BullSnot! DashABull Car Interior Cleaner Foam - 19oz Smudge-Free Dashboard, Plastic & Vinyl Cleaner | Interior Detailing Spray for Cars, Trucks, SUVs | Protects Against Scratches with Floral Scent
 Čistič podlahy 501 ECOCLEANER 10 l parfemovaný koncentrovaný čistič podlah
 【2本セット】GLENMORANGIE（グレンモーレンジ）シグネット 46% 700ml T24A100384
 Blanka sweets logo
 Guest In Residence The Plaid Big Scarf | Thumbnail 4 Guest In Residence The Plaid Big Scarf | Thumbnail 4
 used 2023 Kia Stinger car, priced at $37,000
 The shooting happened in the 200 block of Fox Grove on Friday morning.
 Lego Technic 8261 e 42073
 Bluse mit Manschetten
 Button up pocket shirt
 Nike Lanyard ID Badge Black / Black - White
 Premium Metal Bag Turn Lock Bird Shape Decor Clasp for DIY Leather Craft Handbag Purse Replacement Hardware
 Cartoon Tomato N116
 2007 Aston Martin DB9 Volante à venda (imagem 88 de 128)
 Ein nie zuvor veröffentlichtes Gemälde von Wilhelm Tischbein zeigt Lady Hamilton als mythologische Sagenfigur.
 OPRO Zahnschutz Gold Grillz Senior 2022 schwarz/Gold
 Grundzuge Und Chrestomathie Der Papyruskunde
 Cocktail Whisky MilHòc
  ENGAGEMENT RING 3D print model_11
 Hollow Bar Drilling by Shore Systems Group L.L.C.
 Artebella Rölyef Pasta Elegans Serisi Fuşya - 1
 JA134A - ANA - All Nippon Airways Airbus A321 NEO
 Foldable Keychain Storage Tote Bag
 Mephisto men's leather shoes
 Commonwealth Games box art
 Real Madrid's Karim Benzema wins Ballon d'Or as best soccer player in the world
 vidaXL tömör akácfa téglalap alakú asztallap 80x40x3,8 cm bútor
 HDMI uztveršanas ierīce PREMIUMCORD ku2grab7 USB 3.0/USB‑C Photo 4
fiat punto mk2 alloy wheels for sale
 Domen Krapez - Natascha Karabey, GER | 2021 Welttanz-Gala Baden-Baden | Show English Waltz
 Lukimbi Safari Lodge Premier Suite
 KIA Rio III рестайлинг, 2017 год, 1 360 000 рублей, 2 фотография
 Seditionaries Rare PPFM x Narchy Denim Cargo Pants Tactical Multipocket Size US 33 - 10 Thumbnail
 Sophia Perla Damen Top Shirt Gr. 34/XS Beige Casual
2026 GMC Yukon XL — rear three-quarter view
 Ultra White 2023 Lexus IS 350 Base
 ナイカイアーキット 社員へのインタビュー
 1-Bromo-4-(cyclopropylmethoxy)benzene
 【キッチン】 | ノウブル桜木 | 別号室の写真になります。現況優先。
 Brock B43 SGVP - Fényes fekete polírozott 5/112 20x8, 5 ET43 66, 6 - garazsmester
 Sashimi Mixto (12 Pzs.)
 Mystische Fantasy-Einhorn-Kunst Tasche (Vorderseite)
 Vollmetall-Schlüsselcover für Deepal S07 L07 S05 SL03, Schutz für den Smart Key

## YOUR ASSIGNMENT:
Reproduce verbatim only the segment of the listing bounded by the line containing "Blanka sweets logo" and the line containing "Bluse mit Manschetten", with both boundary lines included.

## SOLVED PROBLEM:
 Blanka sweets logo
 Guest In Residence The Plaid Big Scarf | Thumbnail 4 Guest In Residence The Plaid Big Scarf | Thumbnail 4
 used 2023 Kia Stinger car, priced at $37,000
 The shooting happened in the 200 block of Fox Grove on Friday morning.
 Lego Technic 8261 e 42073
 Bluse mit Manschetten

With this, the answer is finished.